Ce dont le calcaire se souvient, un murmure l’oublie 
Curated by Ekaterina Scherbakova
Centre d’Art Plastiques de Saint-Fons
Saint-Fons, France
December 15, 2020 to February 6, 2021


Salome Talvaz is a fictional visionary, active in the beginning of the 20th century. Her origins are unclear, but some sources prove that she was raised in San Francisco. No concrete witness of her practice is left, though her influence on the philosophical circles of her times is considered to be underestimated. She settled in Saint-Fons for a decade in the 1910s. The biographers suppose that she might have been a part of a society of wandering rocks followers who believed that glacial erratics, as now discovered transported by glaciers, were the signs of a place's uniqueness. Thus, Talvaz followed the path of the wandering stone of Saint-Fons. The peculiarity of this persona is a vow of silence she practiced. This rupture with language is seen as a method to lose nothing. The heritage of her silence and the muted archive she left behind is suggested to be a starting point for participating artists’ interventions.

-  Ekaterina Scherbakova


Embracing Scherbakova’s Talvaz as a catalyst to unravel a speculative and seemingly forgotten epistolary exchange, a series of letters between two women in the spring of 1913 were unearthed to reveal a conversation of nascent desires with elemental correlation. The collection of letters between Salome Talvaz and Alice Pénisson, native of Saints Fons and the only woman to transcribe a historical account of the city, served as the sole modality of communication of Talvaz during her vow of silence in the 1910s. The four letters are characterized by earth, water, fire, and air; each letter encapsulating a metaphorical resemblance.

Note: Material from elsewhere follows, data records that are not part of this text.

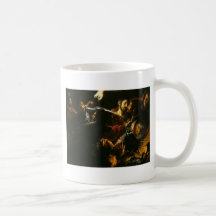 Taking of Christ with the Malchus Episode c. 1620 Mug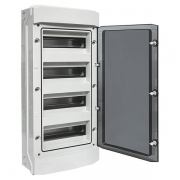 Щит навесной Unix65 48 модулей EKF ux65-48-n ux65-48-n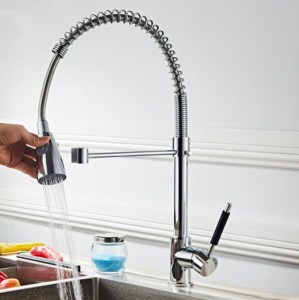 Do All Kitchen Faucets Have Flow Restrictors?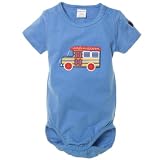 POLARN O. PYRET Flower Power Jalopy Bodysuit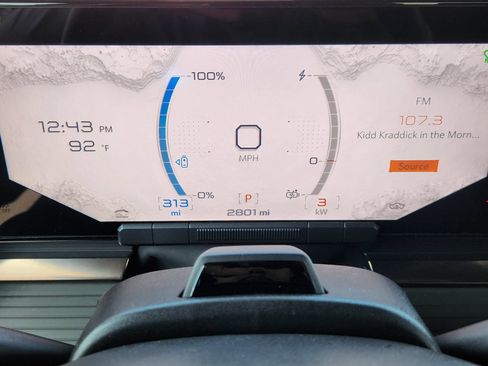 New 2025 GMC Hummer EV 2X AWD/4WD image 17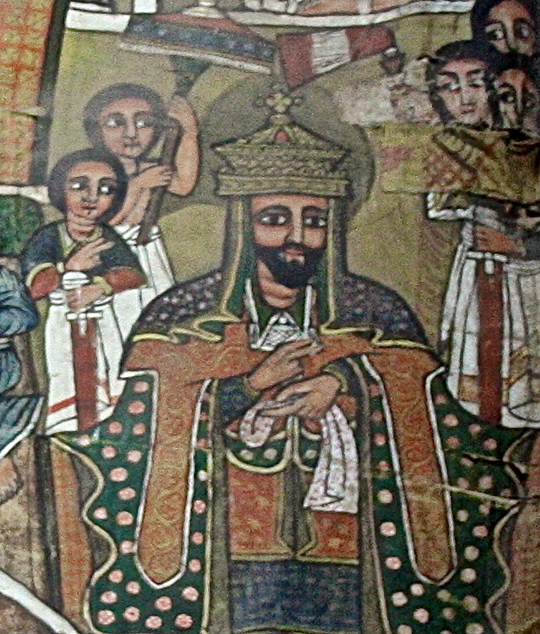 Lalibela - Ethiopian King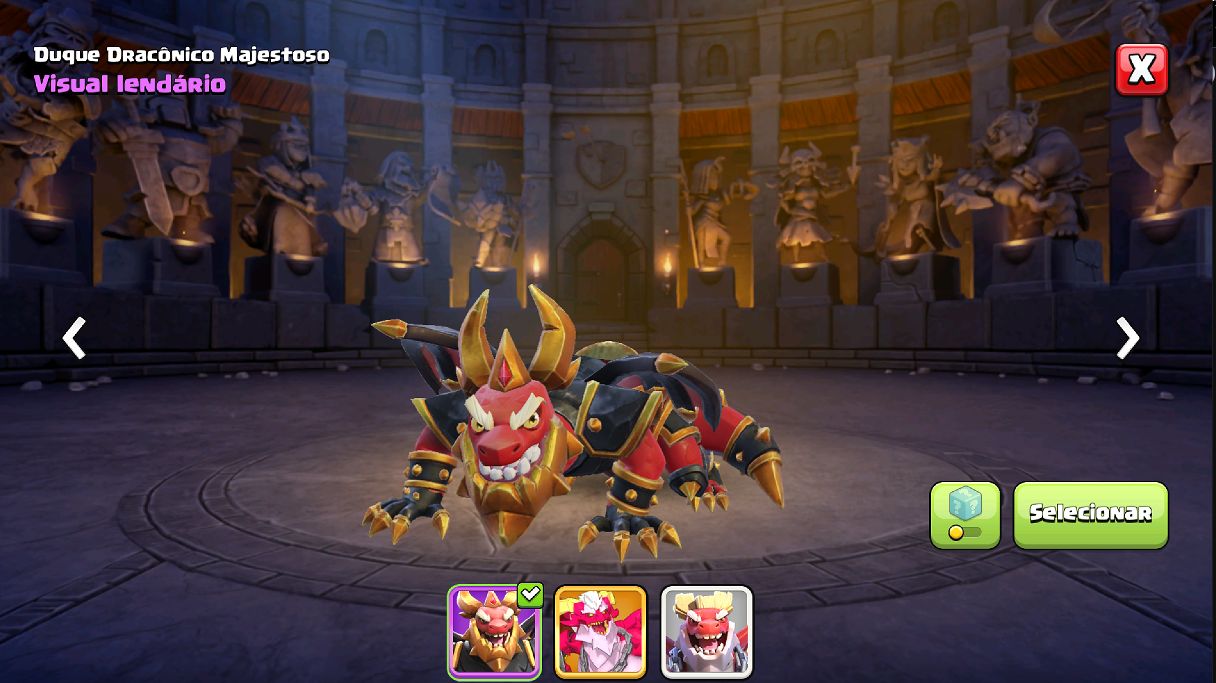 CV18 LENDARIO 100% FULL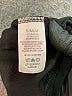 Simlu Solid Black Formal Skirt Size L - photo 5
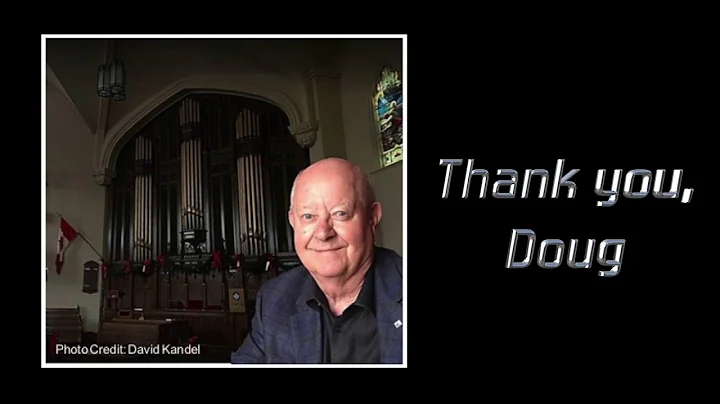 Douglas Haas - A brief tribute to the many talents...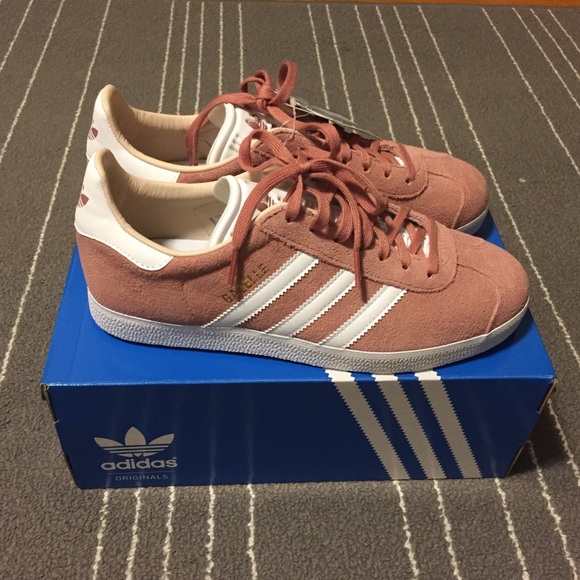 gazelle ash pink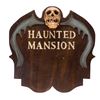 Image 1 : Randotti Haunted Mansion Tombstone Display.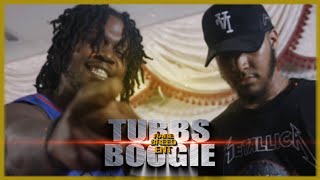 TUBBS VS BOOGIE RAP BATTLE - RBE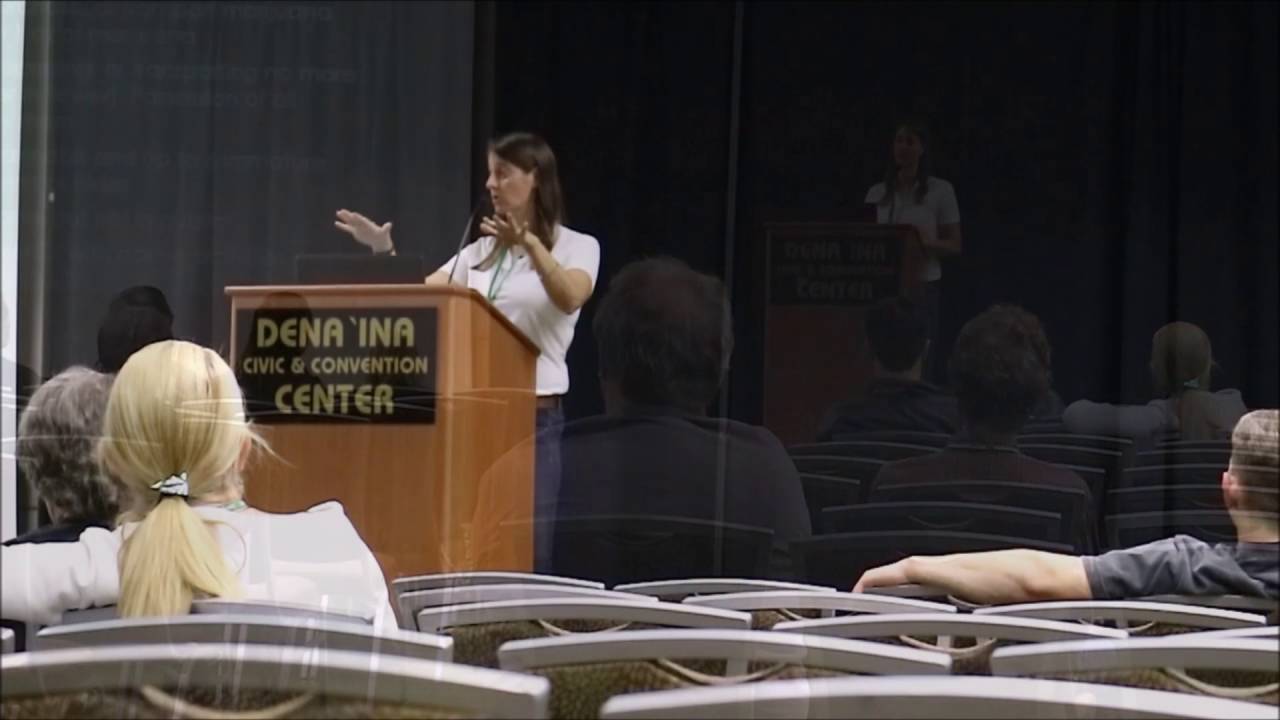 Kim Kole - Anchorage Cannacon 2016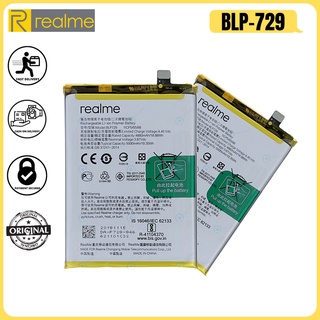 Blp729 realme аккумулятор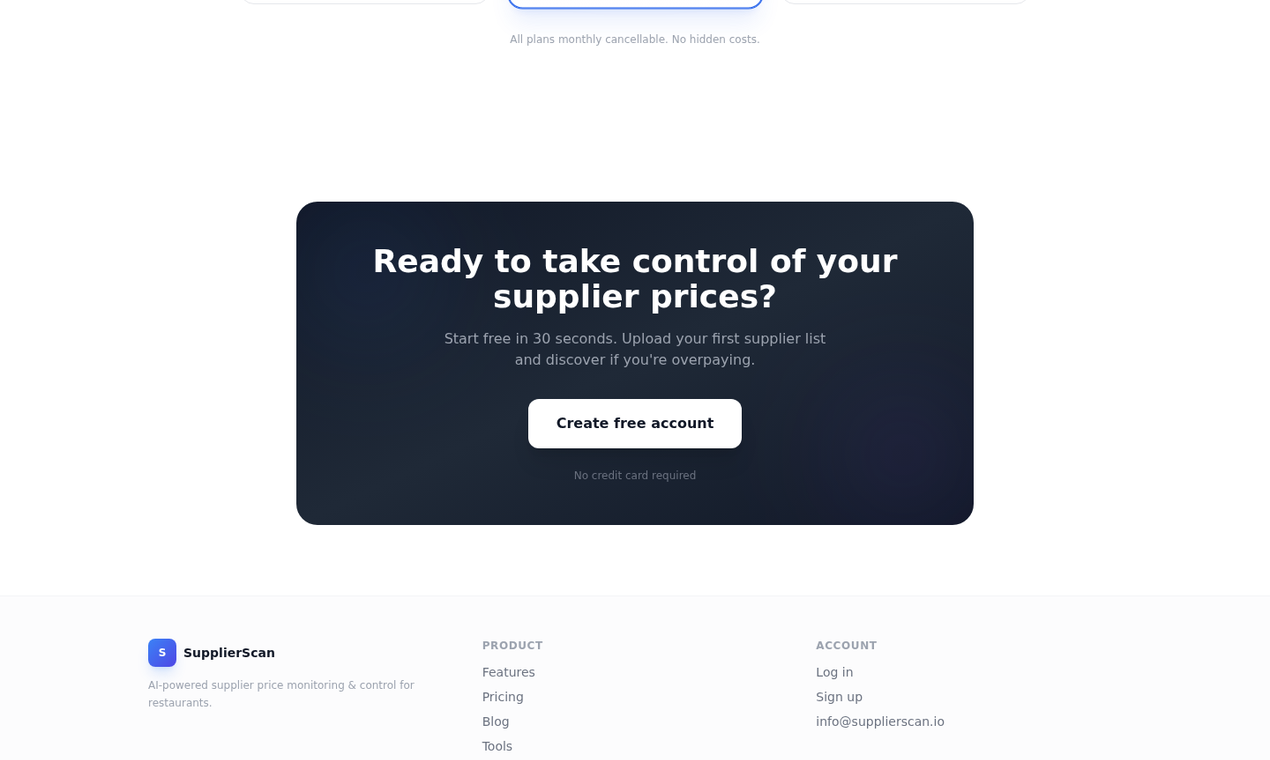 SupplierScan gallery image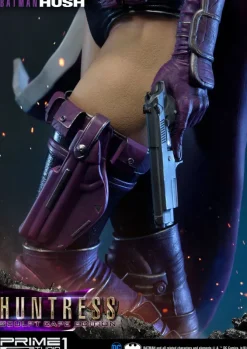 Batman Hush - Huntress Statue / Sculpt Cape Edition: Prime 1 Studio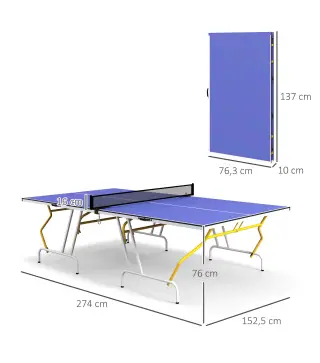 Mesa de Ping-Pong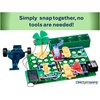 image:imageSNAP CIRCUITS Motion STEM Electronics Kit for Kids Ages 8Green Energy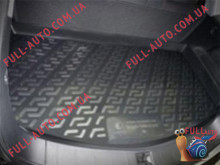 Коврик в багажник Ssang Yong Actyon Sports 08- (Lada Locker)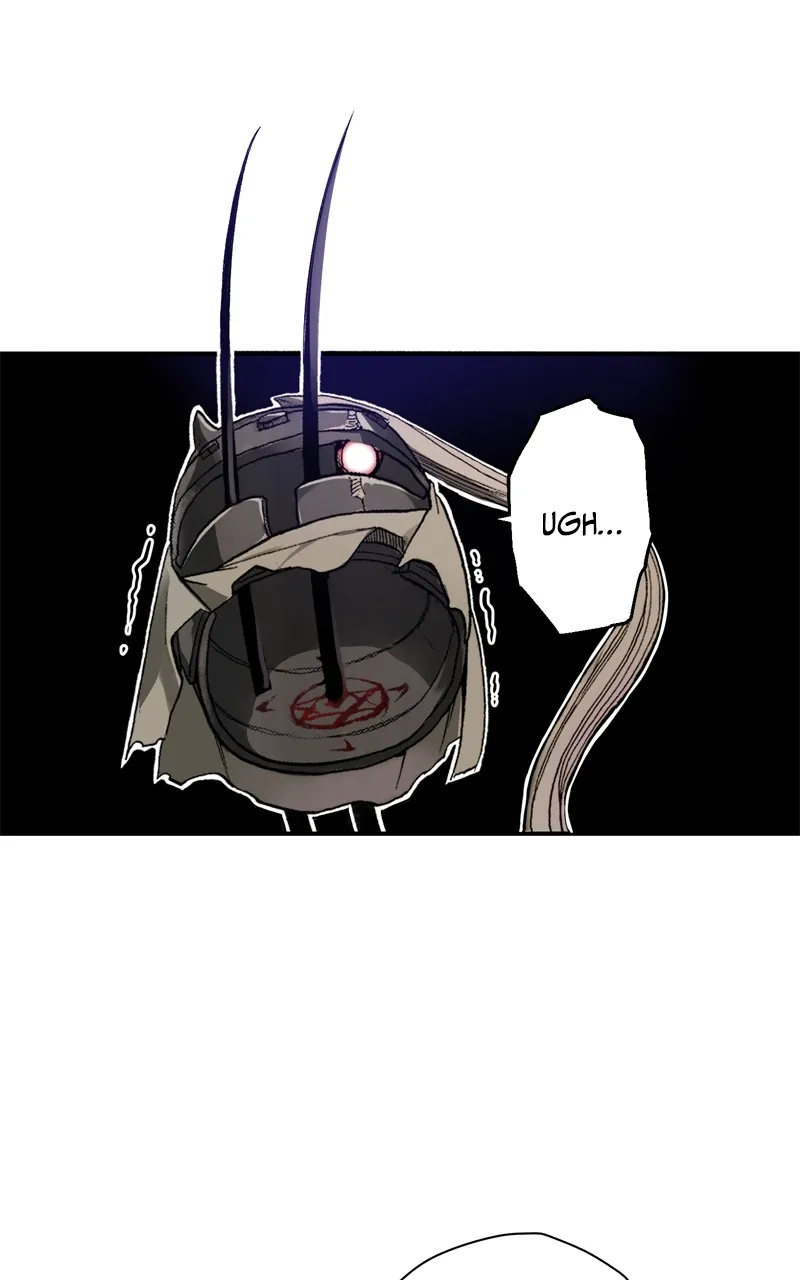 Hagure Chapter 36 page 2 - 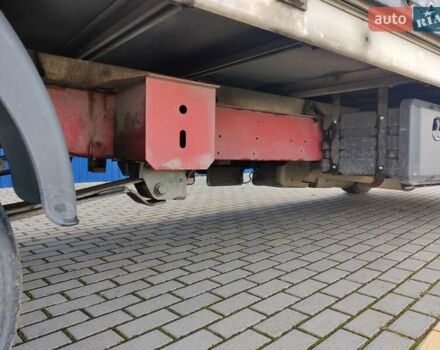 Красный Опель Movano, объемом двигателя 2.3 л и пробегом 600 тыс. км за 11900 $, фото 27 на Automoto.ua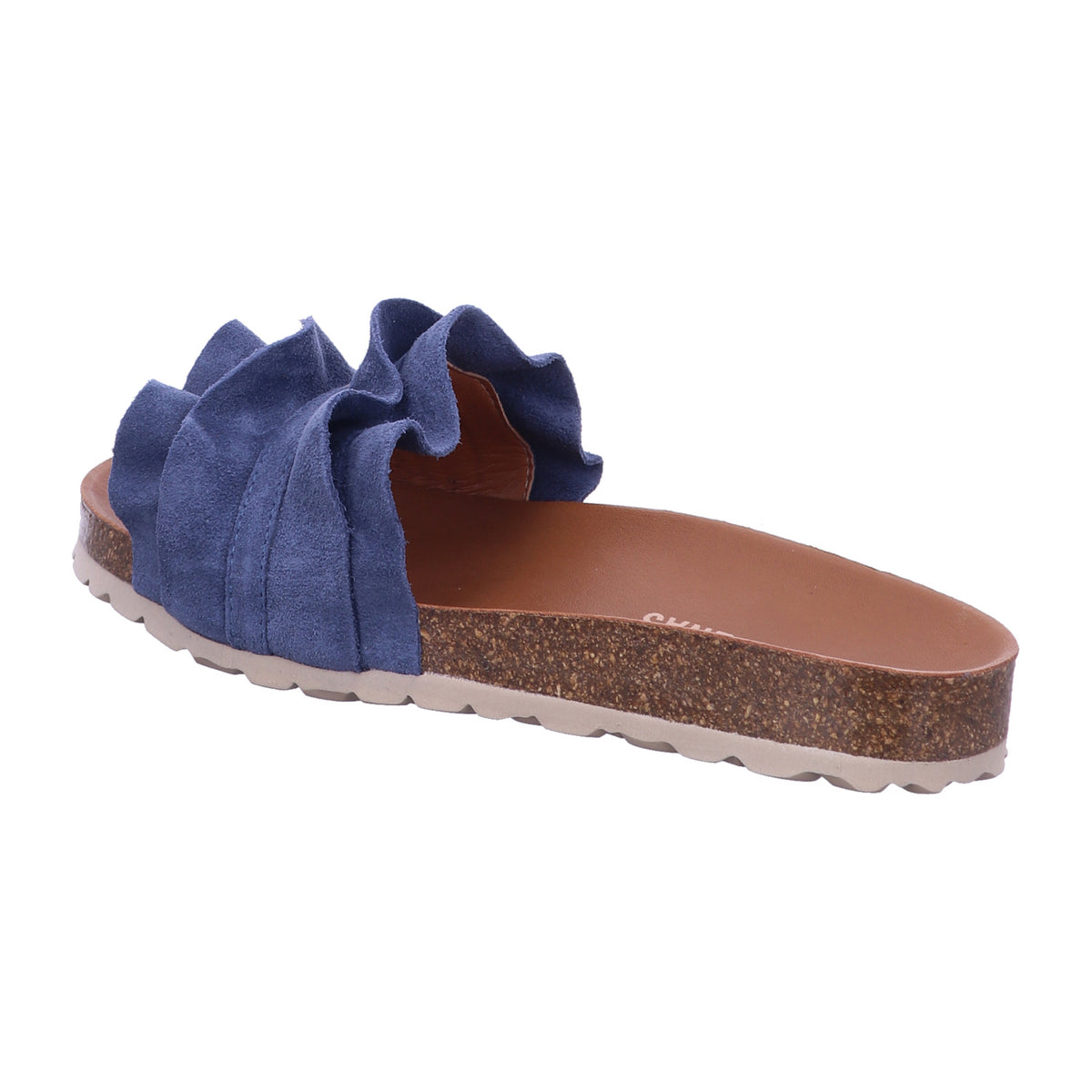 Verbenas Pantolette 3300620220  in Blau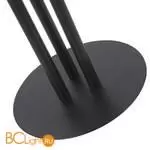 Настольный светильник Crystal lux bosque BOSQUE LG3 BLACK/TRANSPARENT - Фото 0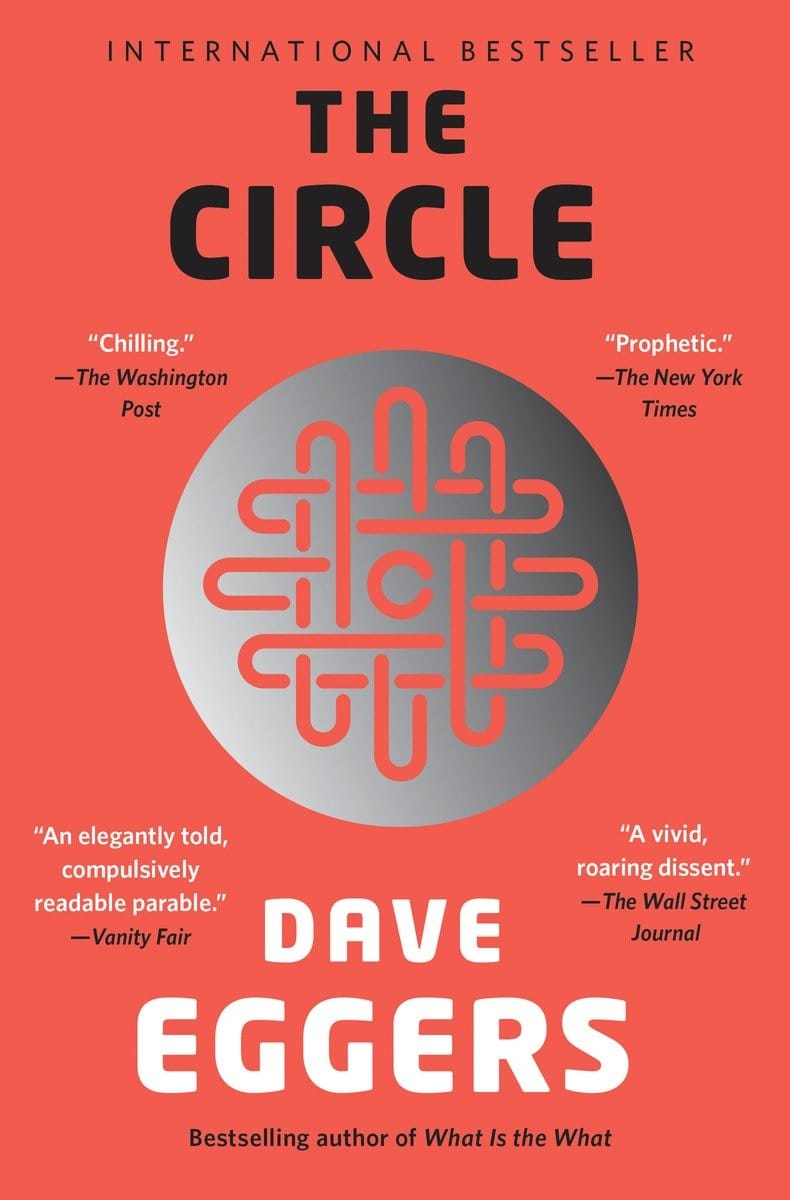 Eggers, Dave | The Circle : Value, object or array expected.* Line 1, Column 2  Extra non-whitespace after JSON value.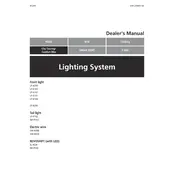 Shimano LP-R200 Light manual cover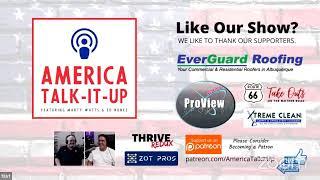 America Talk-It-Up is Live!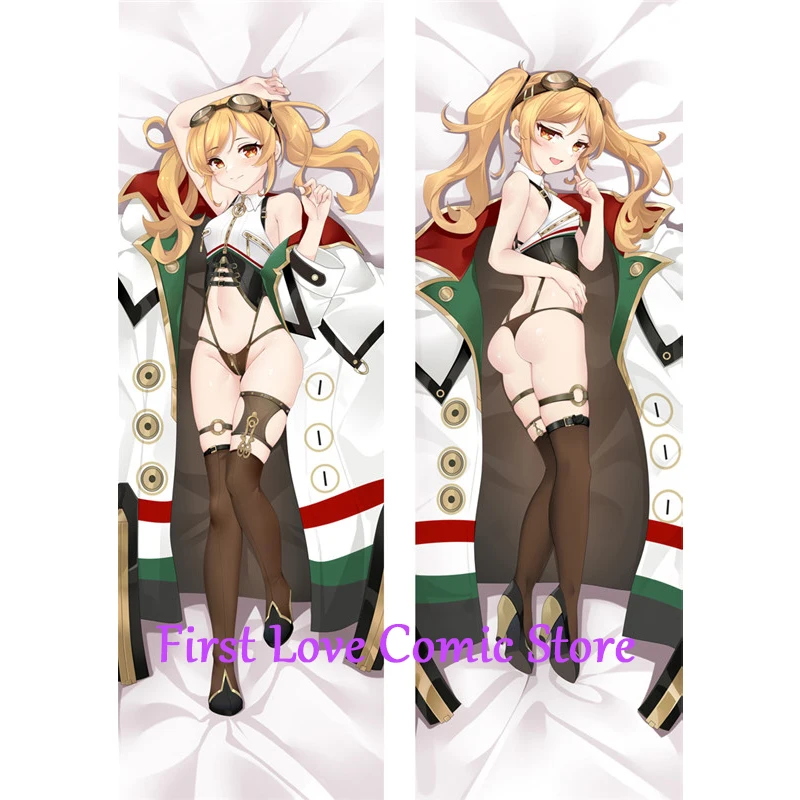 Dakimakura Anime Pillow Cover Leonardo da Vinci Double Sided Print Life-size Body Decoration
Dakimakura Anime Pillow Cover Leonardo da Vinci Double Sided Print Life-size Body Decoration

Their letters, left embedded in the peripheral matter of the glacial erratic of Saint Fons, located at 45° 42′ 06″ N 4° 51′ 19″ E, were exhibited amidst an amalgam of materials collected from the site, with specimens of soil and moss encompassing the letters. The glacial erratic, a large limestone mass of Savoy origin deposited in a commune outside of Lyon, served as a fulcrum for their brief yet poignant exchange. Erratics, transported through the tributaries of melting glacial ice, arrive in contexts with which they bear no resemblance, echoing their etymological origins, errare (to wander).  Harboring whispered and ambulatory sentiments, the geological anomaly procured the muted archives of the two women, residing in silence since 1913.



THE GLACIAL ERRATIC, A LARGE LIMESTONE MASS OF SAVOY ORIGIN DEPOSITED IN A COMMUNE OUTSIDE OF LYON, SERVED AS A FULCRUM FOR THEIR BRIEF YET POIGNANT EXCHANGE.